Pictures with short captions:
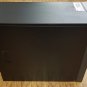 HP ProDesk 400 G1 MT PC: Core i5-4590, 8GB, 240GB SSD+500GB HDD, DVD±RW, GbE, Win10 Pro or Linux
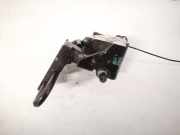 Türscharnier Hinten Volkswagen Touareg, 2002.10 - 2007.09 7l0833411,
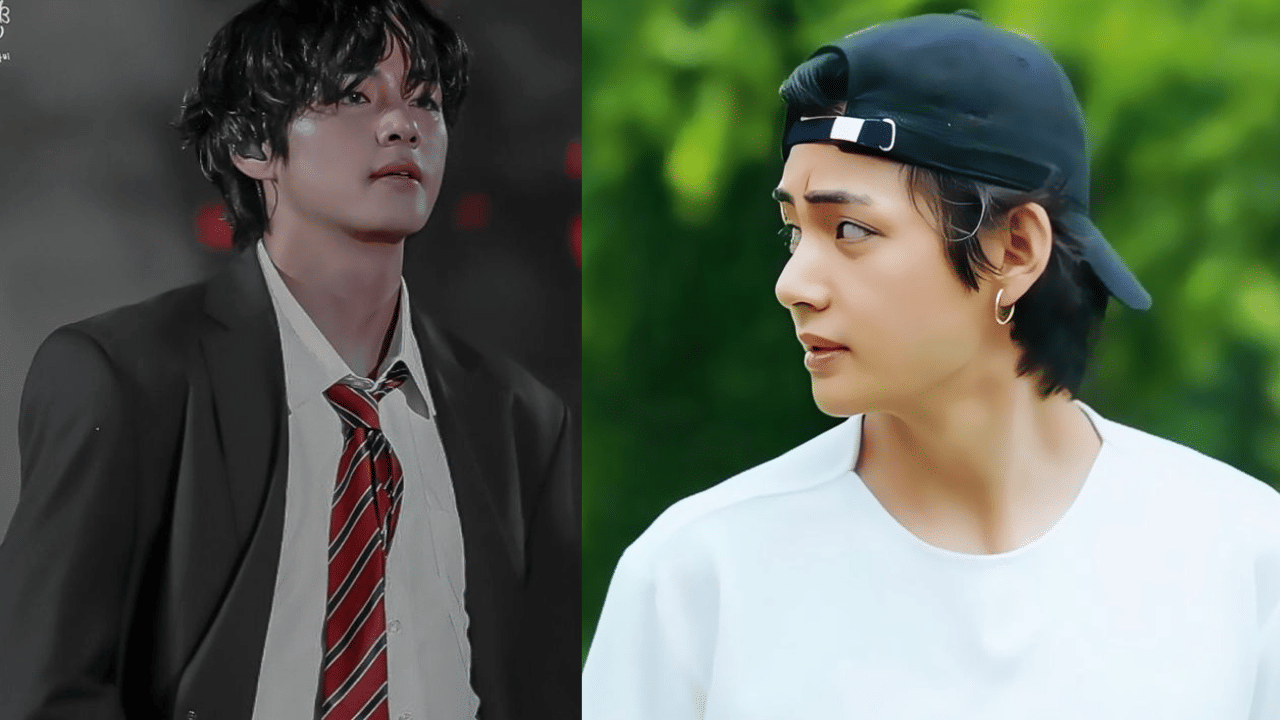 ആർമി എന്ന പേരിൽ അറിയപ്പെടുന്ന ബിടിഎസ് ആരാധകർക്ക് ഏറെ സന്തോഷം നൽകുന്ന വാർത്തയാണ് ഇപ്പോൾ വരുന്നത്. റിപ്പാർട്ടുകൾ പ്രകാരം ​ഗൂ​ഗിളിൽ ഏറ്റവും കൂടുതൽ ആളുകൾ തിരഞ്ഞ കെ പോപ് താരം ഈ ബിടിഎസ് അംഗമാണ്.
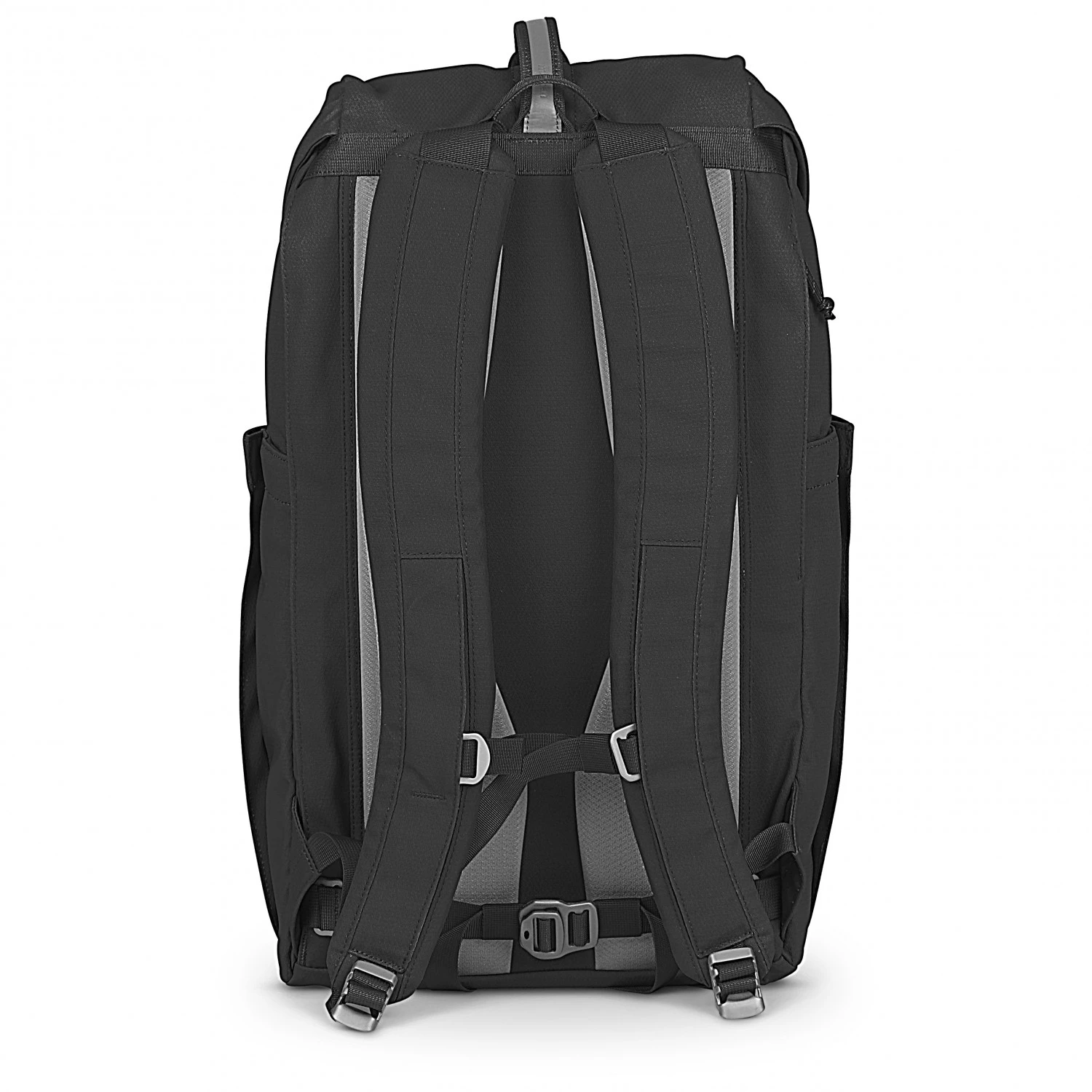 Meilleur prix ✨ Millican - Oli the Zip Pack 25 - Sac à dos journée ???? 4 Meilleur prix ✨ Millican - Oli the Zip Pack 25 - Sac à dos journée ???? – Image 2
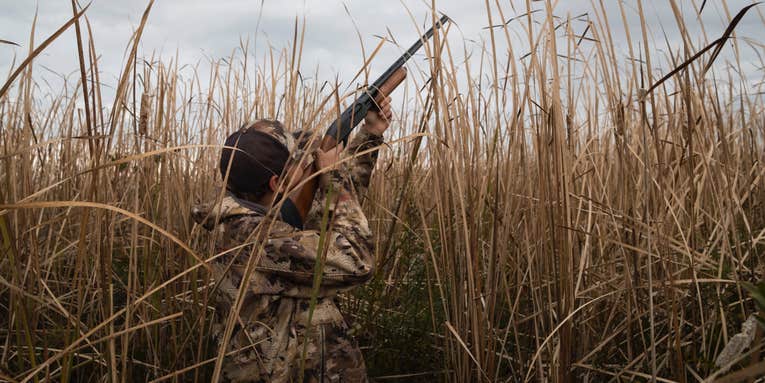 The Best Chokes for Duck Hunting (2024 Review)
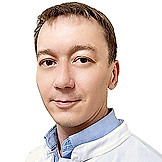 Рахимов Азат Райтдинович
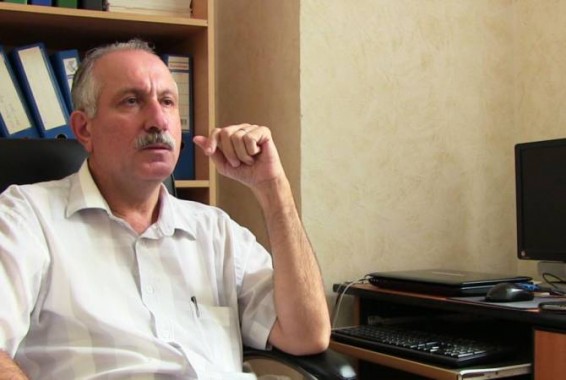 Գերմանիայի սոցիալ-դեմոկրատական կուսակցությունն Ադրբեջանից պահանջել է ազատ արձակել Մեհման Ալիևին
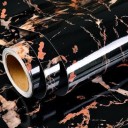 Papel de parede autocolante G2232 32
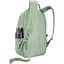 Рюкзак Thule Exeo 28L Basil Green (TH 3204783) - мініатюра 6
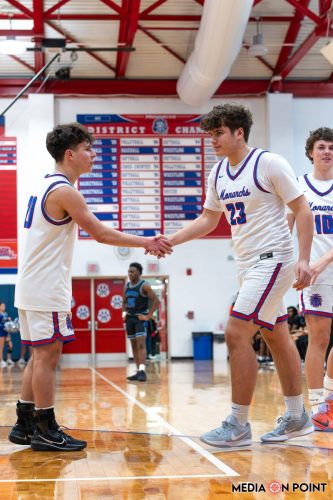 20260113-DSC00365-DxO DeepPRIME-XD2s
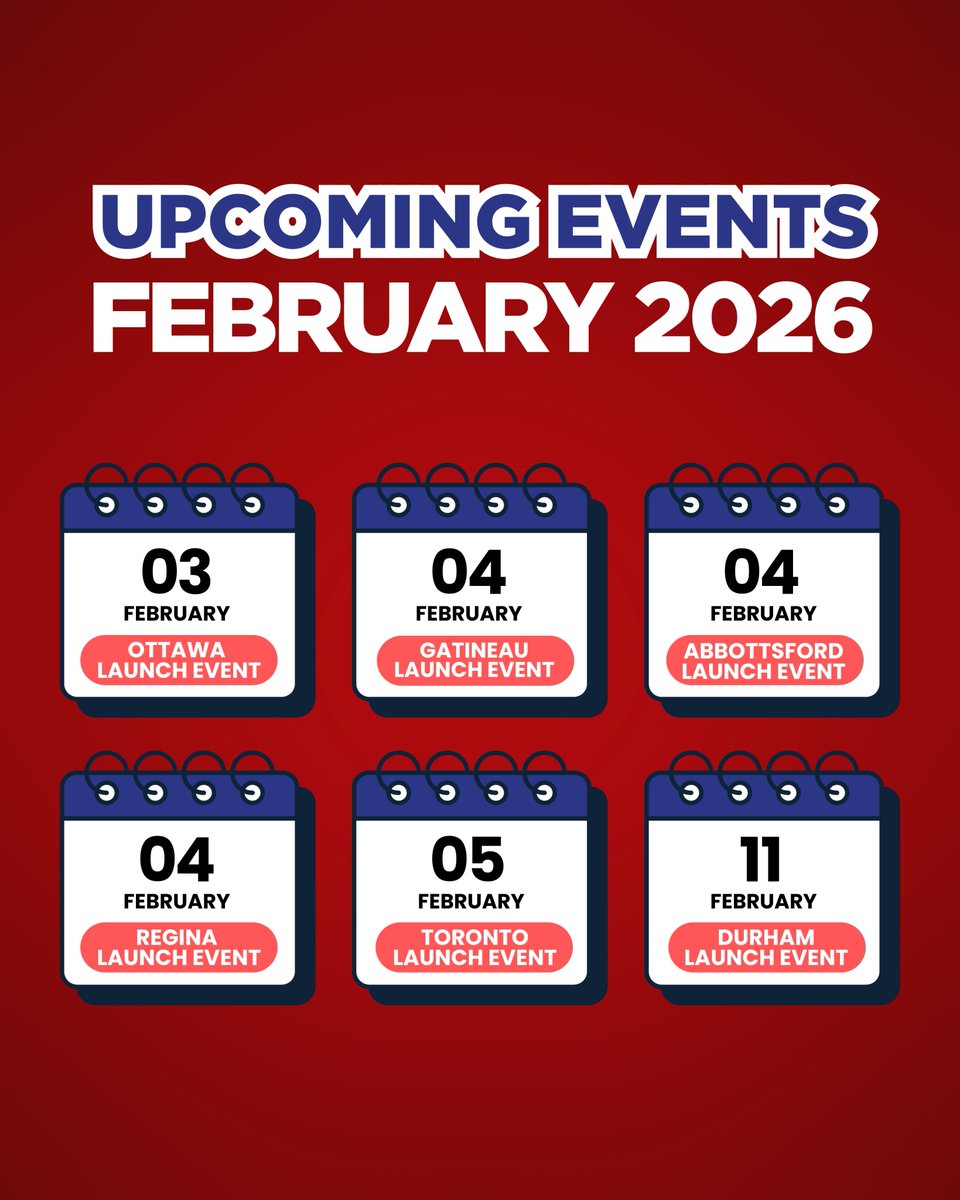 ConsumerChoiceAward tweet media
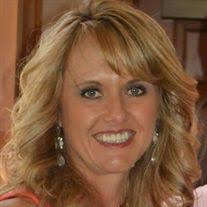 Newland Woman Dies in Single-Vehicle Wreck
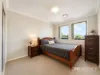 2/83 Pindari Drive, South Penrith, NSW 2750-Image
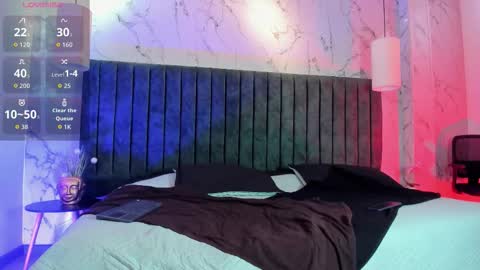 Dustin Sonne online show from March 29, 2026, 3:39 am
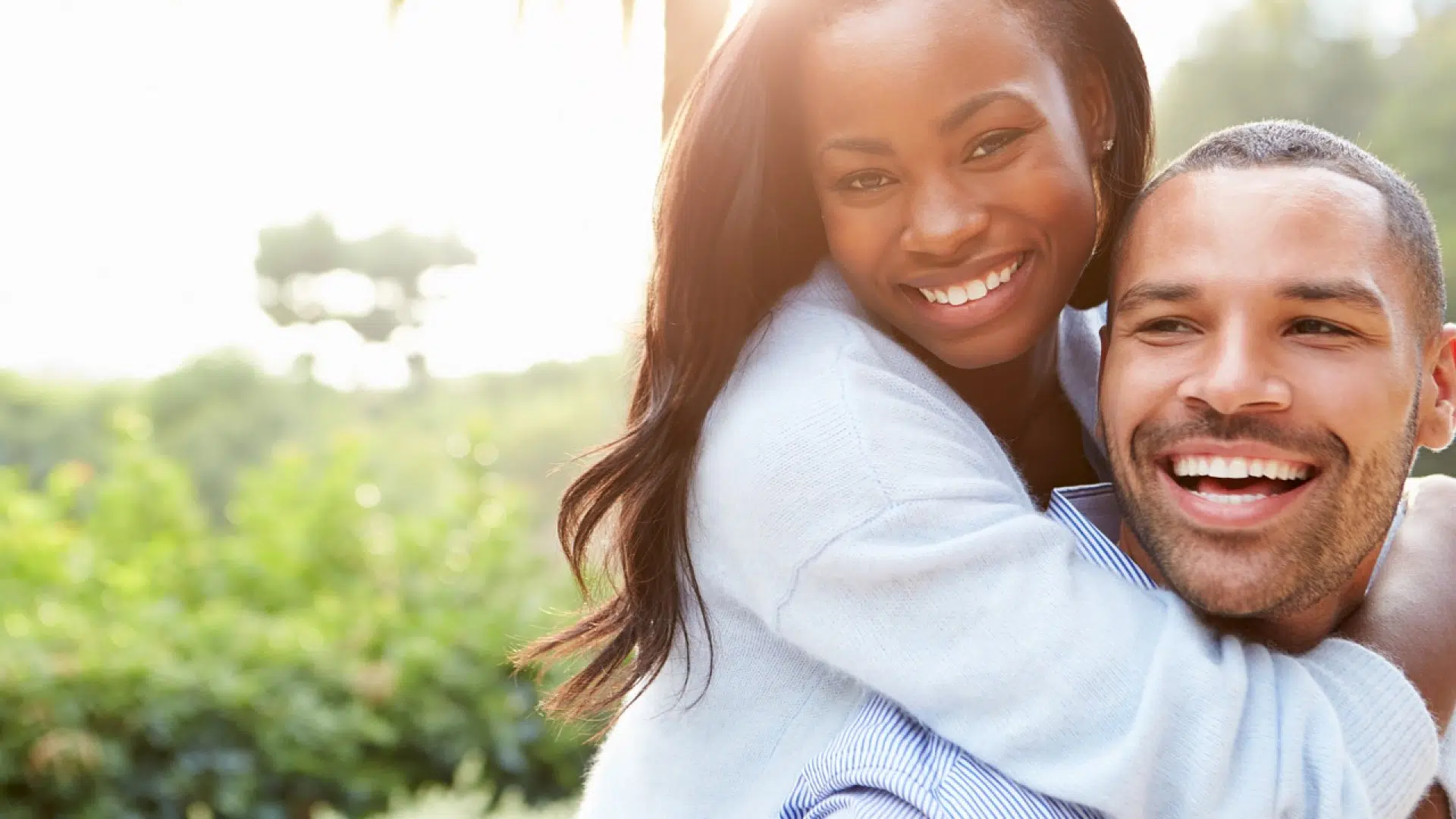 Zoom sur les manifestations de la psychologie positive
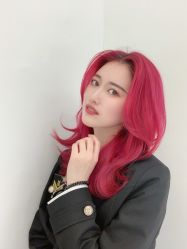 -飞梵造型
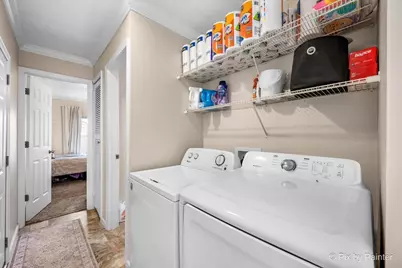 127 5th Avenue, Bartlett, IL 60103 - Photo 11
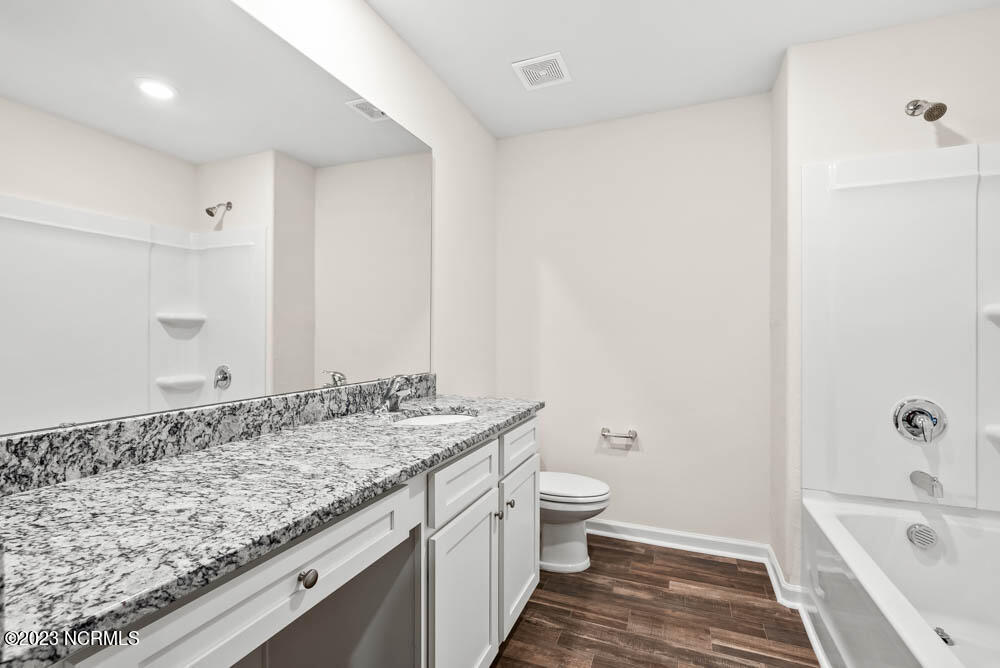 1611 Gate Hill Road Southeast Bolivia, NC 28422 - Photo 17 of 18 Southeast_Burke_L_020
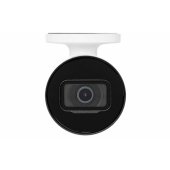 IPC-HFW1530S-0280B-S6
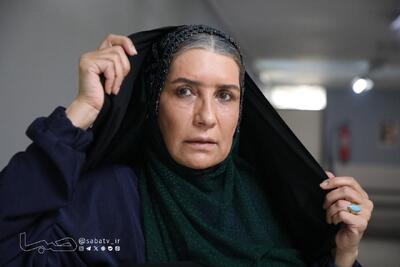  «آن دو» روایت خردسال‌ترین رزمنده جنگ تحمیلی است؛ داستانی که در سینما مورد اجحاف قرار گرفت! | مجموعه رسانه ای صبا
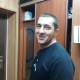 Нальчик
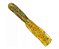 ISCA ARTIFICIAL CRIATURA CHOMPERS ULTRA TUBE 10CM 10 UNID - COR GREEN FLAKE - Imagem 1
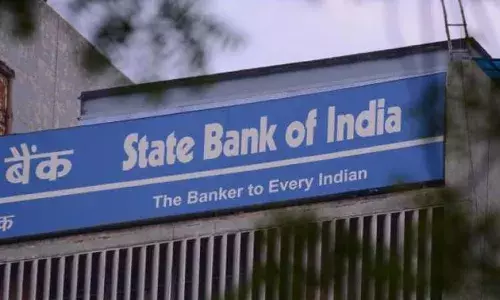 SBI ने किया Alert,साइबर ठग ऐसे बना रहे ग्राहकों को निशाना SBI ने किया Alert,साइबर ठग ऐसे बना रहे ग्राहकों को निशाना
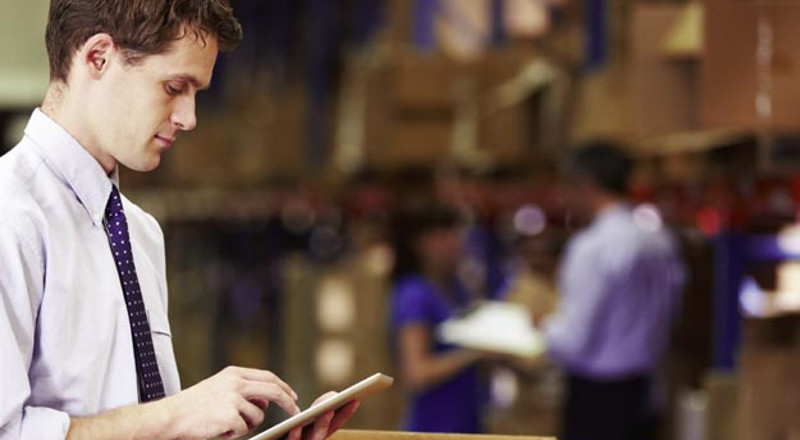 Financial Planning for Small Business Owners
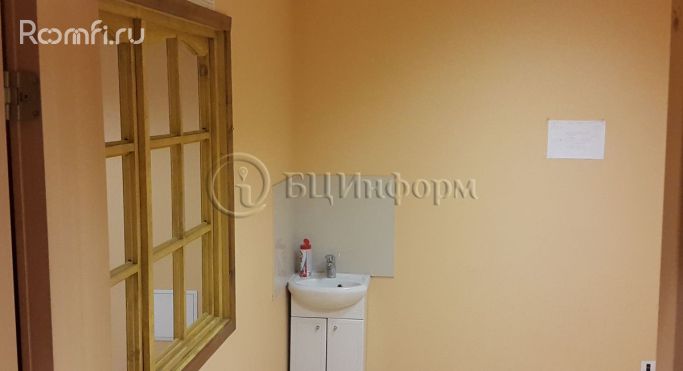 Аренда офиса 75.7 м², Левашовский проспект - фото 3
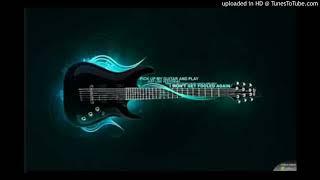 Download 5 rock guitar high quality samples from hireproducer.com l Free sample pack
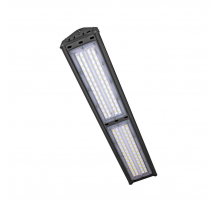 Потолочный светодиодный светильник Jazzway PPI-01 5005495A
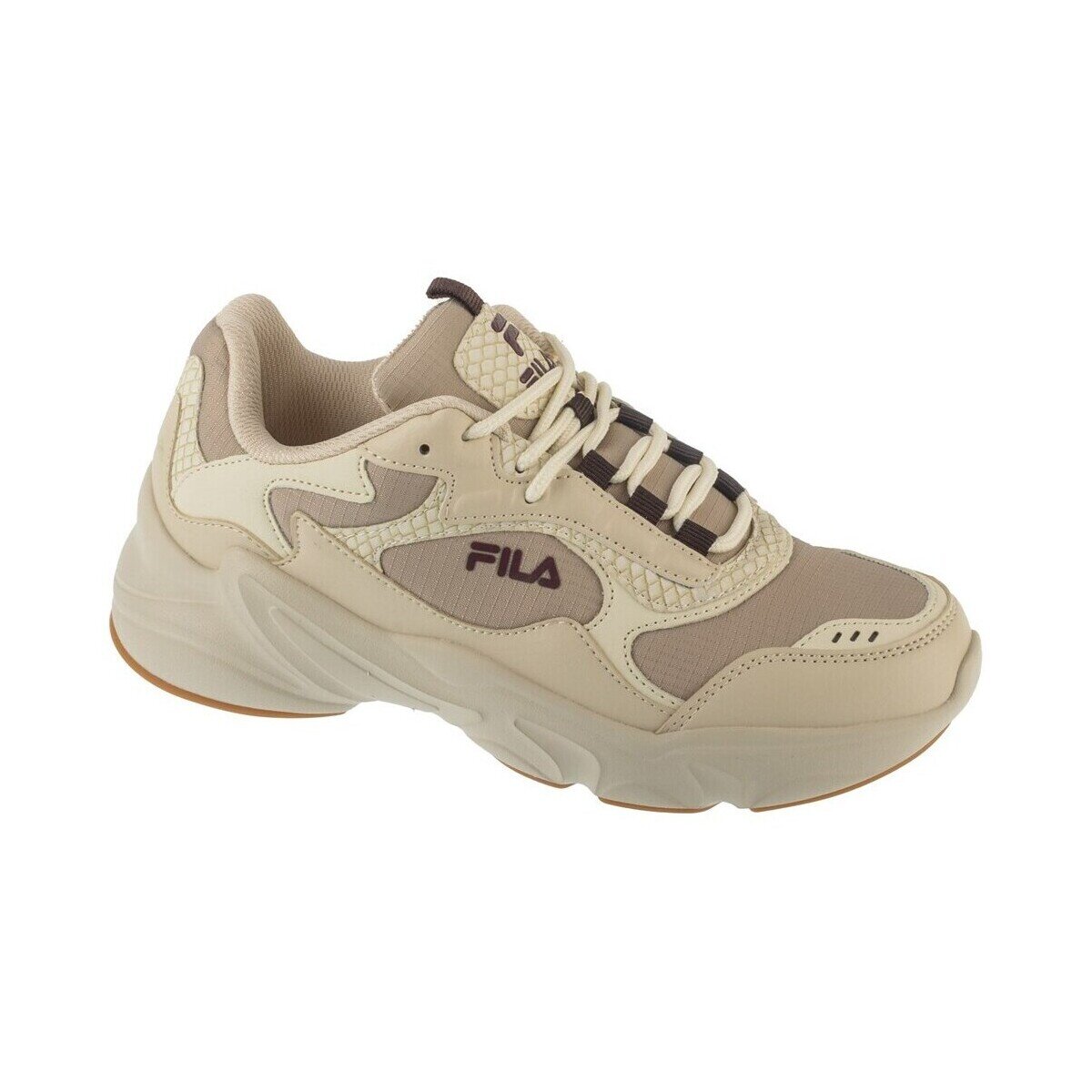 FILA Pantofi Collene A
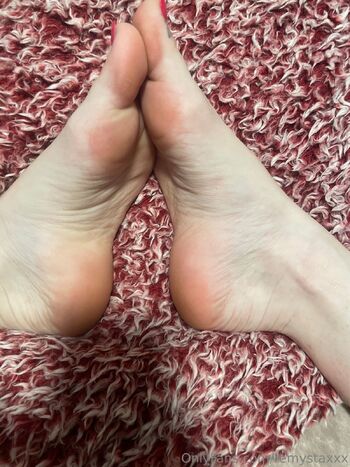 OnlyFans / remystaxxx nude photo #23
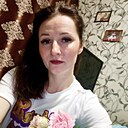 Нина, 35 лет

EXERCISE OBJECTIVE
Any pictures are to be skipped, and the lines from the beginning of the entries through the line with "Papel de parede autocolante G2232 32" copied exactly.

TASK SOLUTION
 HP ProDesk 400 G1 MT PC: Core i5-4590, 8GB, 240GB SSD+500GB HDD, DVD±RW, GbE, Win10 Pro or Linux
 Türscharnier Hinten Volkswagen Touareg, 2002.10 - 2007.09 7l0833411,
 ആർമി എന്ന പേരിൽ അറിയപ്പെടുന്ന ബിടിഎസ് ആരാധകർക്ക് ഏറെ സന്തോഷം നൽകുന്ന വാർത്തയാണ് ഇപ്പോൾ വരുന്നത്. റിപ്പാർട്ടുകൾ പ്രകാരം ​ഗൂ​ഗിളിൽ ഏറ്റവും കൂടുതൽ ആളുകൾ തിരഞ്ഞ കെ പോപ് താരം ഈ ബിടിഎസ് അംഗമാണ്.
 Meilleur prix ✨ Millican - Oli the Zip Pack 25 - Sac à dos journée ???? 4 Meilleur prix ✨ Millican - Oli the Zip Pack 25 - Sac à dos journée ???? – Image 2
 The Best Chokes for Duck Hunting (2024 Review)
 Рахимов Азат Райтдинович
 Գերմանիայի սոցիալ-դեմոկրատական կուսակցությունն Ադրբեջանից պահանջել է ազատ արձակել Մեհման Ալիևին
 Papel de parede autocolante G2232 32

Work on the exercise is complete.